Klassiker mit Toastbrot Unidram I: „Maria Stuart“ aus Stuttgart Potsdamer Nachrichten 27.10.2005 Gerold Paul

„Gott save the Queen!“ Britannias Leitspruch schützt den Inselthron seit eh. Auch bei der tödlichen Begegnung zweier Erzrivalinnen, welche Schiller in seinem Trauerspiel „Maria Stuart“ schildert, bedurfte die Krone solchen Beistands, denn die „jungfräuliche Königin“ Elisabeth ließ ihre katholische Konkurrentin Maria 1587 mit Willkür hinrichten. Unter Renaissanceklängen und Theaterdampf entstieg sie nun ihres Grabes, um im T-Werk wenigstens ein Wort der Reue von der Meuchlerin zu haschen. Diese aber fläzte ziemlich ordinär auf ihrem Sitz, die „Financial Times“ studierend, dann eine Parlamentssitzung leitend, deren Hauptperson sie selber war. „Gott save the Queen“, diktierte sie zum Abschluss wie ein Amen, „Gott rasiere die Königin“, dolmetschte Maria dem längst entzündeten Publikum im vollen Hause. Schnodderig, schrill, respektlos gegen überlieferte Geschichte und Bühnengesetz, so prallte die Textcollage „Maria Stuart. Ein tödliches Casting“ bei Unidram auf Schillers Jubeljahr. Das Stuttgarter TART-Theater produzierte sie, doch traute man dem Klassiker offenbar nur so weit, wie er durch Zitate von Jelinek, Ionesco oder Margret Thatcher (angeblich auch von Bin Laden) zu „ergänzen“ war.

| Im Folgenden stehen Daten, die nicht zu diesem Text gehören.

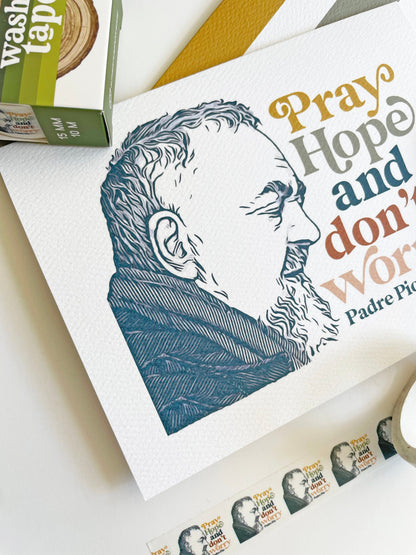 Pray, Hope and Don't Worry Padre Pio Greeting Card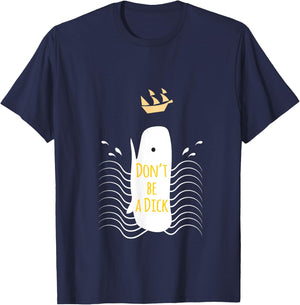 Dont Be a Dick Whale Attack T-Shirt - T-Shirt | Navy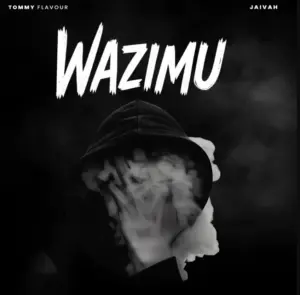 Tommy Flavour ft Jaivah – Wazimu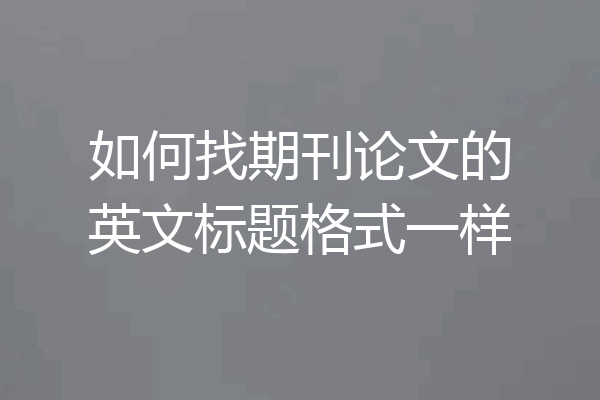 如何找期刊论文的英文标题格式一样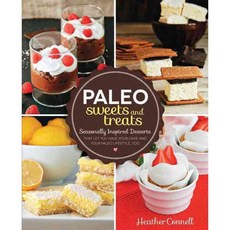 Paleo Sweets and Treats: Seasonally Inspired Desserts that Let You Have Your Cake and Your Paleo Lifestyle Too, Fair Winds Pr
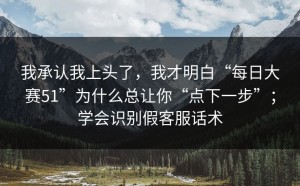 我承认我上头了，我才明白“每日大赛51”为什么总让你“点下一步”；学会识别假客服话术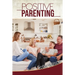 Positive Parenting: A Complete Guide for Positive Parents. Be Conscious, Playful, Present, Avoid Anxiety, and Help Your Children Grow Happ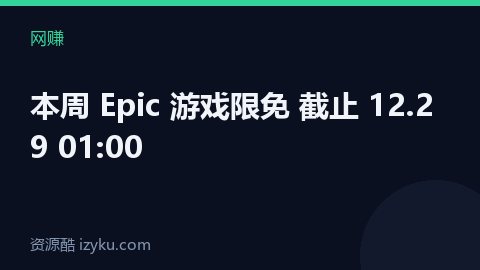本周 Epic 游戏限免 截止 12.29 01:00（网赚资源）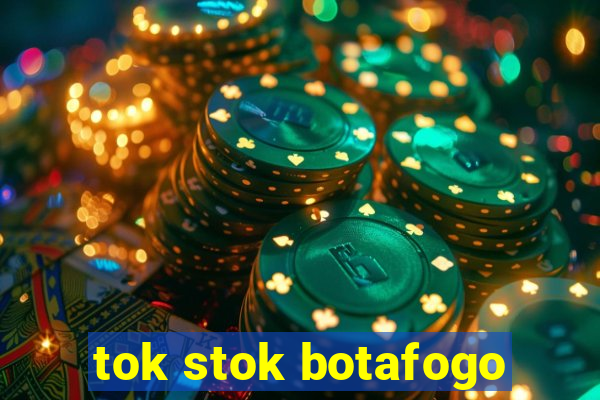 tok stok botafogo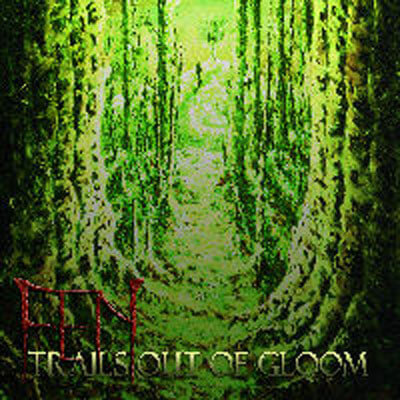Fen - Trails Out Of Gloom - CD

Christina Rasts moderne Inszenierung arbeitet voller Lakonie mit Breaks, szenischen Endlos-Wiederholungen, weiten Gängen und ausgestellten Gesten. Sie überliefert den geschichtlichen Stoff durch Parodien, Absurditäten und starken Persiflagen über achtzig Minuten der Lächerlichkeit. Der angeblich „blutige Machtkampf zweier Rivalinnen“ spielt in historischer Kostümierung zur Echtzeit der anglikanischen Elisabeth. Es geht darum, wer „in die Geschichte“ eingeht, doch ist alles vorab schon klar: „Am Ende der Vorstellung werden Sie tot sein“, prophezeit Elisabeth der Auferstandenen. So kam es auch. Zwei Fernseher auf der Off-Bühne zeigen den Londoner Löwen, später immer wieder sportliches Paarspringen vom hohen Turme aus. Sigrun Kilger und Johanna Niedermüller spielen mit Wonne, professionellem Einsatz, Sonnenbrille und Besenfrisur, worum es TART geht: Um nichts, bestenfalls um gute Unterhaltung – jedes Publikum belohnt das. Maria mag keinen Tee, begehrt dafür aber Bockwurst, Elisabeth kümmert sich nicht um Staatsgeschäfte, sondern lechzt in einer an Chaplins Hitler-Parodie erinnernden Szene um Nachruhm: „Ich will die Hostie sein!“ Die eine trägt Kalaschnikow, die andere frisst maßlos Toast in sich hinein, wirft die Reste ins Publikum. Golfregeln statt Politik, Weiberzwist statt tiefer Charaktere, Farce anstelle von Substanz, beliebige Theatermittel – wer seinen Schiller zur Vorstellung mitnahm, hatte tüchtig zu leiden. Schon bei Brecht verkam ja der Königinnen-Streit wegen Unglaubens zum trivialen Gezänk von Fischweibern. Reine Geschmackssache: Maria addierte sich als „Erfinderin der Opferfürsorge“ zur langen Liste weltbekannter Märtyrer hinzu, Elisabeth spreizte auf dem Thron kopfüber Arme und Beine von sich, den Rock weit hochgeschoben. Am Ende entsteigt die Katholikin ihrem Kostüm, um eine Original-Sentenz im Slip zu deklamieren: „Lasst uns still sein, lasst uns nichts mehr empfinden!“ Das war im alles verkehrenden Modeln der Moderne nun etwas spät gesprochen. Aber ein Klassiker hält auch das aus. Stärkster Beifall, klar.